- **Supplied material**
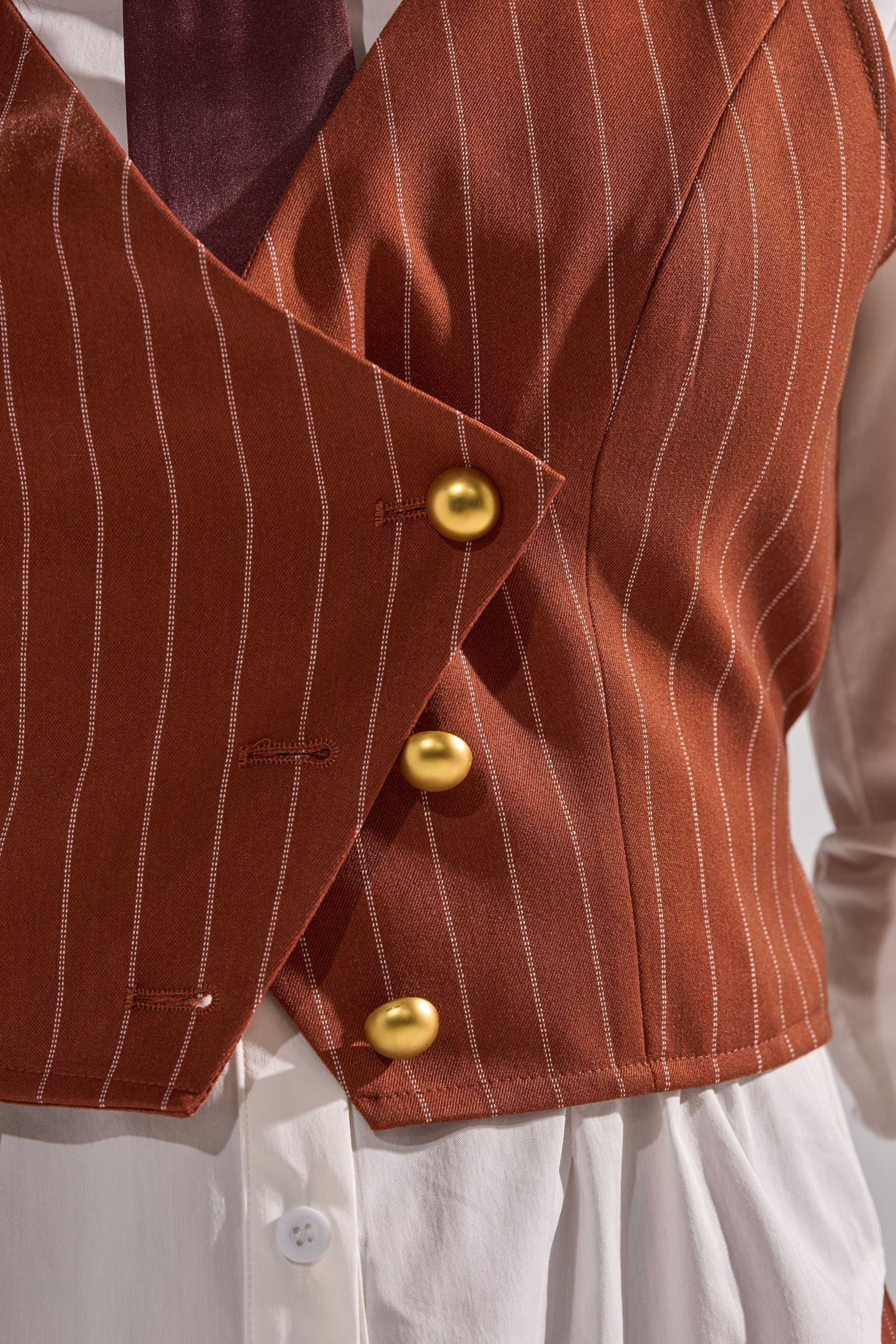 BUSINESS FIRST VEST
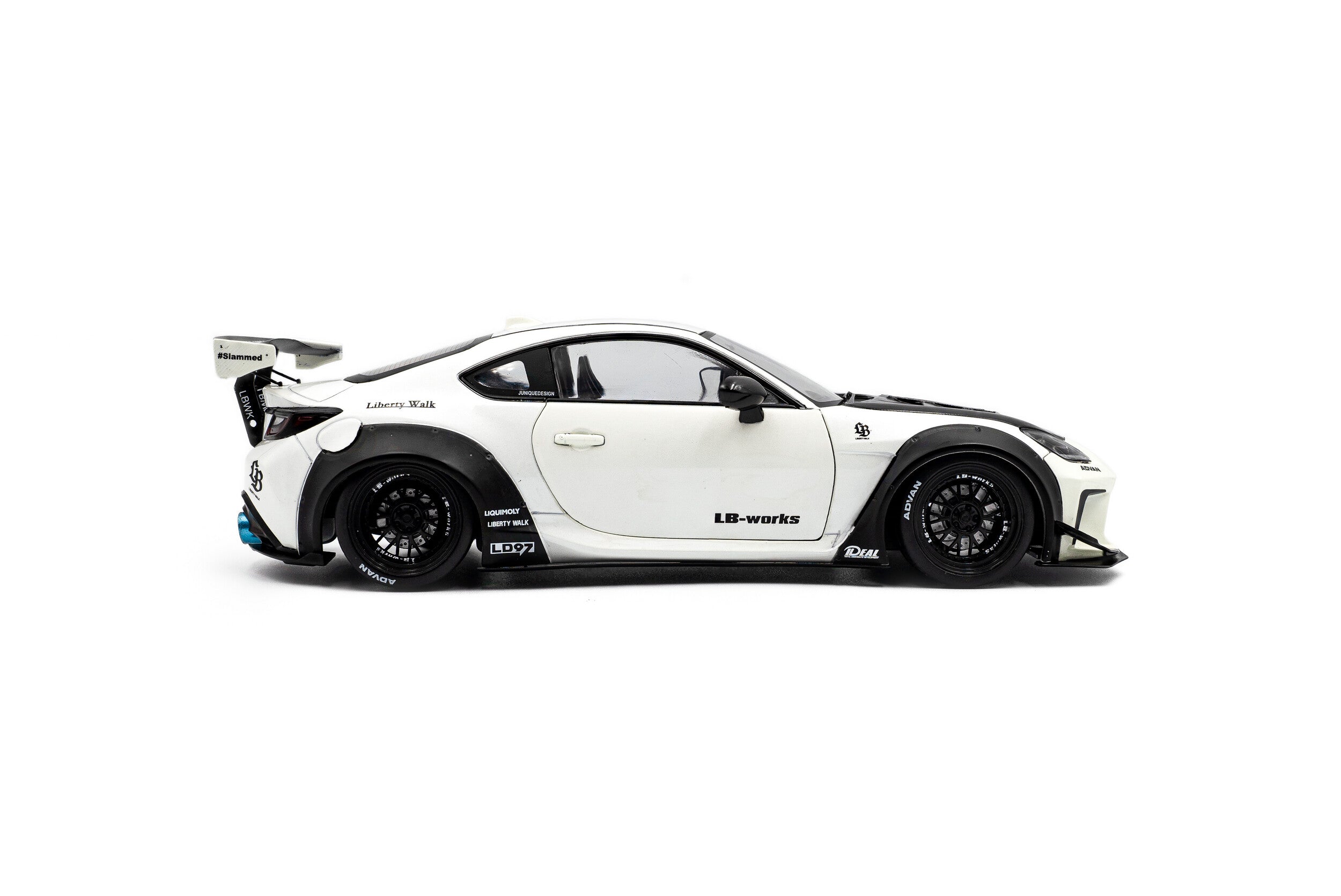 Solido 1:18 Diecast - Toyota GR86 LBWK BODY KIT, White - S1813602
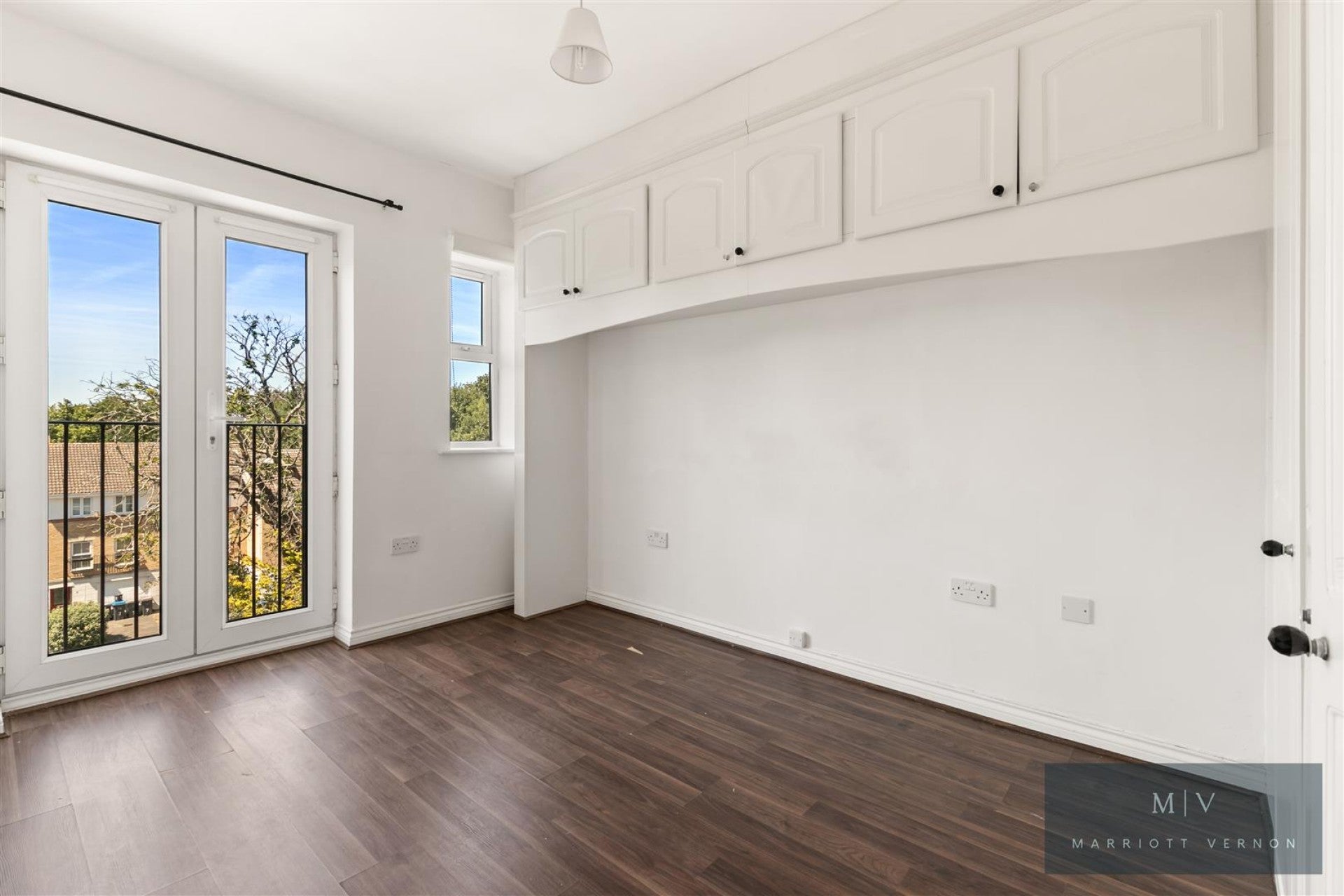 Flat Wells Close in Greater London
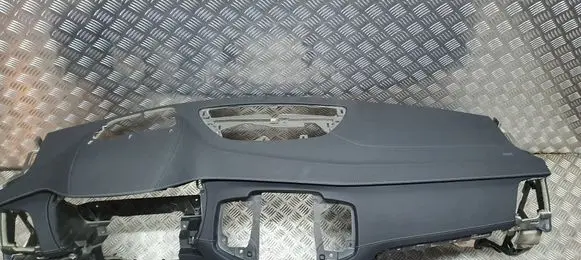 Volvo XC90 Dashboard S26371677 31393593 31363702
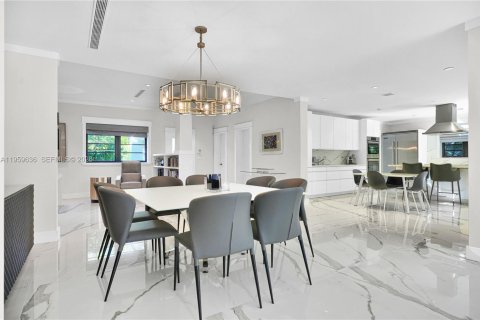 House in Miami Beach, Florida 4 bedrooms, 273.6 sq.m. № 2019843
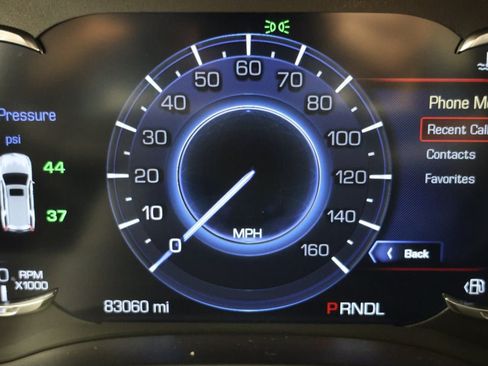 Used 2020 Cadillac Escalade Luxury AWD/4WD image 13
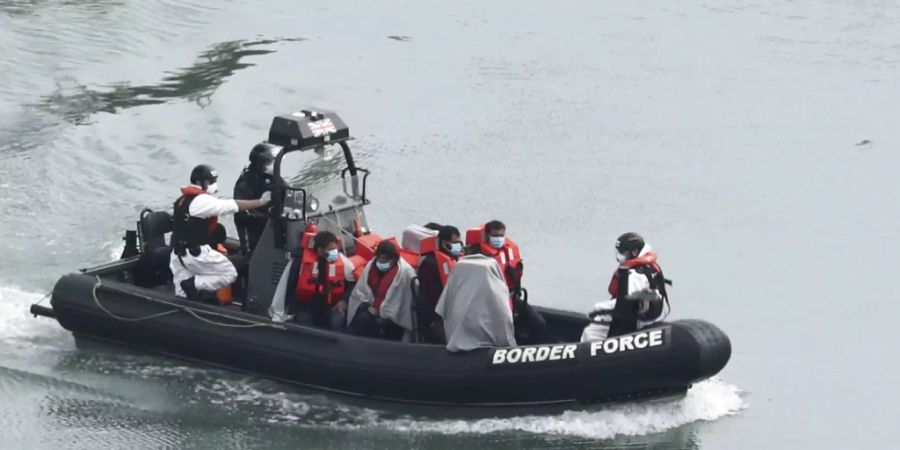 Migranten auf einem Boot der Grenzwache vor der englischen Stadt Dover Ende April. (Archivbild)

- **What to produce**
Output the listing exactly, without images.

- **Completed task**
 BUSINESS FIRST VEST
 Solido 1:18 Diecast - Toyota GR86 LBWK BODY KIT, White - S1813602
 Flat Wells Close in Greater London
 Volvo XC90 Dashboard S26371677 31393593 31363702
 House in Miami Beach, Florida 4 bedrooms, 273.6 sq.m. № 2019843
 Used 2020 Cadillac Escalade Luxury AWD/4WD image 13
 Migranten auf einem Boot der Grenzwache vor der englischen Stadt Dover Ende April. (Archivbild)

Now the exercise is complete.